Another classic debate on killing animals is of course the famous whale issue. Although my only association with whales on the Iberian peninsular has been on two whale watching trips off the coasts of Tarifa and Lagos in Portugal respectively, (unfortunately only able to observe common dolphins or porpoises, due to the weather) I believe that the debate does have international appeal.
 
As a Norwegian I have received my fair share of criticism for my government’s decisions. Based on my observations of most serious whale population counts, I did not personally have any strong feelings about the issue in earlier years. Indeed as a young soldier in North Norway in the first half of the 1980s, I was fed whale meet at least once a week, to the point where I actually got slightly fed up with it. This all changed however when the “world” started to point its finger in an accusing manner. The only thing international pressure achieved on most of the domestic opinion in Norway, was to energise feelings of patriotism and I suppose a form of nationalism. “You will not tell us what to do”. (Actually slightly reminiscent of my wife, when I make the foolish effort of trying to tell her what to do, she absolutely will not comply, as a matter of female principle).
Now, some facts. Norway currently has a yearly quota of 1052 Minke whales (and only Minke whales) for 2007. This quota was similar to the 2006 quota, where only 546 whales were caught (typically the catch is markedly lower than the allotted quota).
Aside from the slightly silly pretext of conducting research (something I openly admit has limited justification), this is really about a few hundred Norwegian families maintaining a traditional livelihood.
In the two areas where Norway conducts whaling (Northern hemisphere), official but independent estimates show a current population of 107200 Minke whales in the main area, somewhat less in the secondary area. (Figures vary a lot but Norway uses very conservative estimates).

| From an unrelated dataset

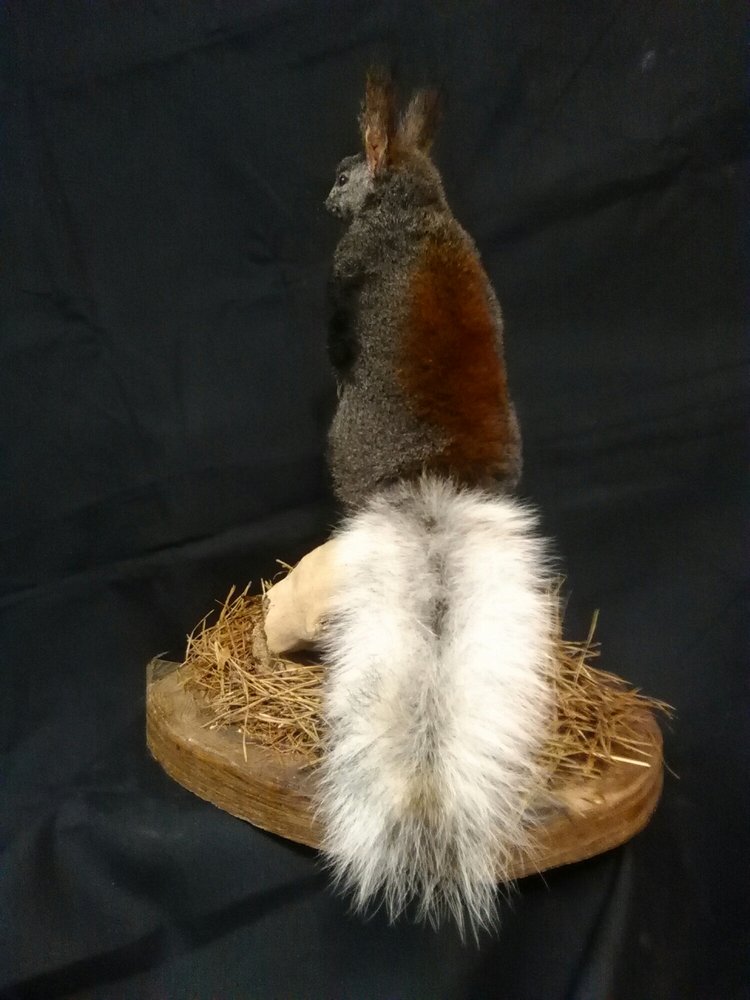 Mulhollems Taxidermy - taxidermy in Middletown, PA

The IWC Scientific Committee for 2004, estimate 184,000 Minke whales in the Northern hemisphere.
In the Southern hemisphere the IWC estimate is 338,000 Minke whales in 2004).
I personally do not believe that hunting 1 % of the population per year under extremely regulated conditions will have a negative impact on the overall population.
In fact quite the contrary, as this recent observation documented on the BBC might indicate.
This showed that even the Pacific Grey whales appear to be in a phase of overpopulation. http://news.bbc.co.uk/2/hi/science/nature/6599805.stm
“One suggestion, from Dr Justin Cooke, who works with the World Conservation Union (IUCN) on cetacean issues, is that the greys have just become too plentiful”.
So, I leave this forum today with the satisfaction that yes hunting may clearly appear to serve its purpose in more ways than one.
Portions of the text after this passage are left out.